涙のアベニュー/サザン40周年記念勝手に全曲レビュー

涙のアベニュー/6th シングル

1980.02.02

1980年の春ごろの記憶。当時はまだサザンをしっかり聴いていたわけではなく、洋楽を一生懸命聴いていた自分にとっては、あまたあるくだらない日本のバンドのひとつ。

そのころ耳にした(目にした?)ニュース。サザンオールスターズは半年間テレビ出演をやめてレコーディングに集中する。その間にシングル5枚とアルバム2枚を出す。それまでのサザンに対するイメージは、世間一般とそれほど違わなかった自分はこれを聞いて驚いた。自分が思っていたよりミュージシャンシップがあるというか、まじめに音楽をやろうとしているのだなと感じ、好感をいだいたことを覚えている。ただし、結果的にはシングル5枚は出したが、アルバムは「タイニイバブルス」1枚しか出せなかった。ただこの「レコーディングに集中したい」という声明は当時のサザンの心の叫びだったのだろうし、この間のまたその後の開花ぶりは作品を聴けばすぐわかる。

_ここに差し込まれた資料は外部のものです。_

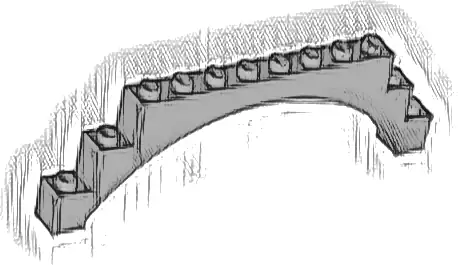 Arch 1 x 12 x 3 Raised Arch with 5 Cross Supports
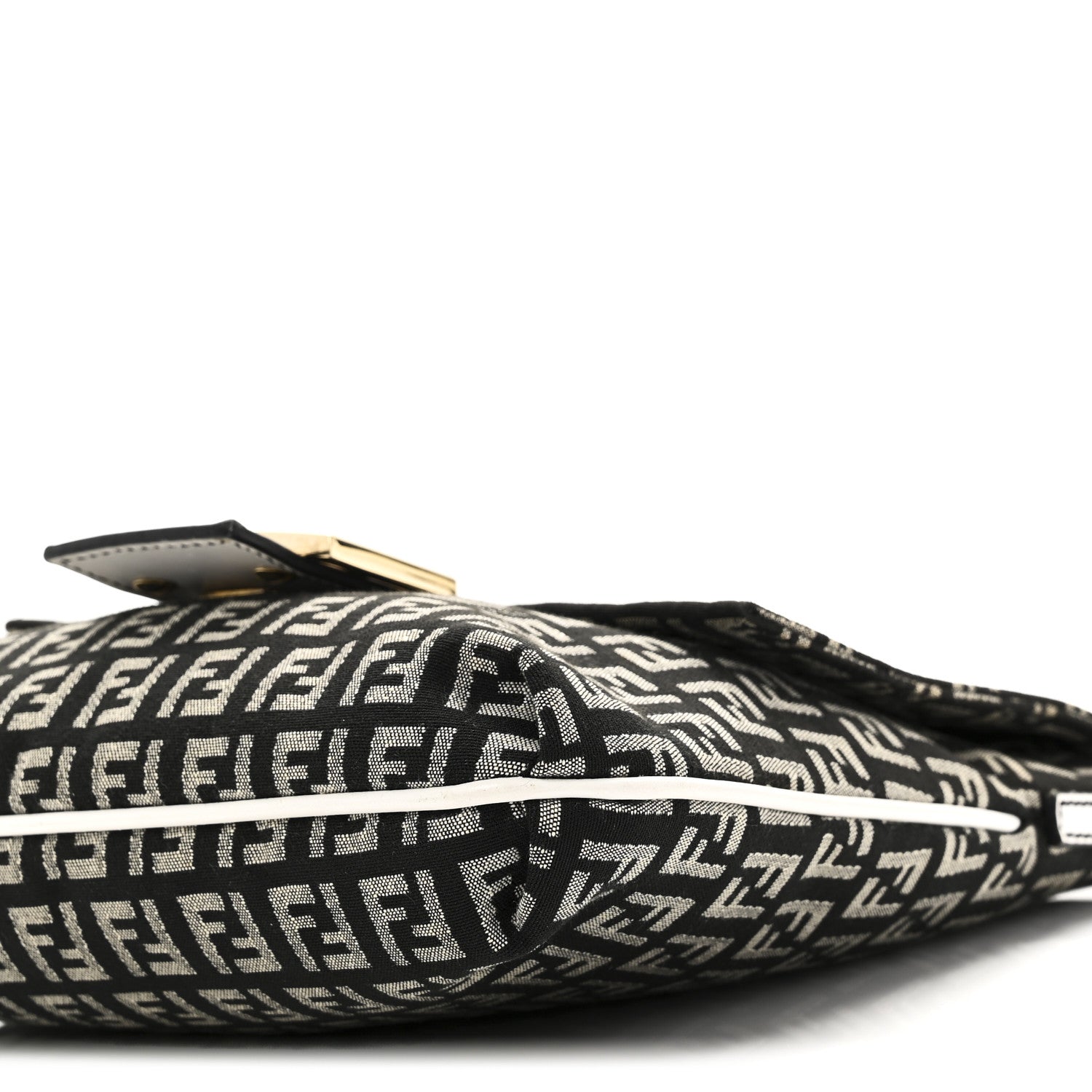 Fendi Zucchino Tube Messenger Bag Black White 1852837 – FASHIONPHILE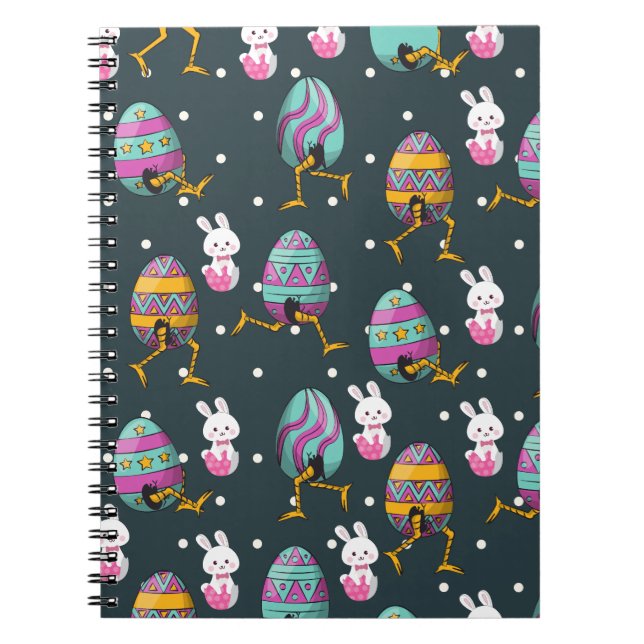 Cuaderno Feliz día de Pascua - Patrón de deseos divertidos  (Frente)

この曲はその記念すべき最初の作品。リズム&ブルースをベースにしたご機嫌なバラード。じぶんとしては大好きな曲。ちょっと後になるが、1985年、大学卒業前に横浜のBar「スターダスト」に友人Cと行った時、店内のジュークボックスでこの曲を流したが、他の洋楽のオールディーズやR&Bとまったく違和感がなくて、横浜というシチュエーションも相まって感激したのを覚えている。横浜を舞台にした曲はこの後たくさん生まれてくるが、その最初の曲となった。

またライブでは、84~85の「やっぱりアイツはクロだった」ツアーで、♪恋の女のストーリーとのメドレー形式で歌われて、ともにR&Bフレーバーいっぱいの曲なので超感動したことが今でも忘れられない。

「レコーディングに集中する」という意欲的なサザンの姿勢とは裏腹に世の中は冷たいというか、テレビに出なくなったらすぐに忘れられるというか、この曲などはセールス的には不発だったようだ。これからしばらく、ヒット曲という点ではサザンは「冬の時代」に入っていく。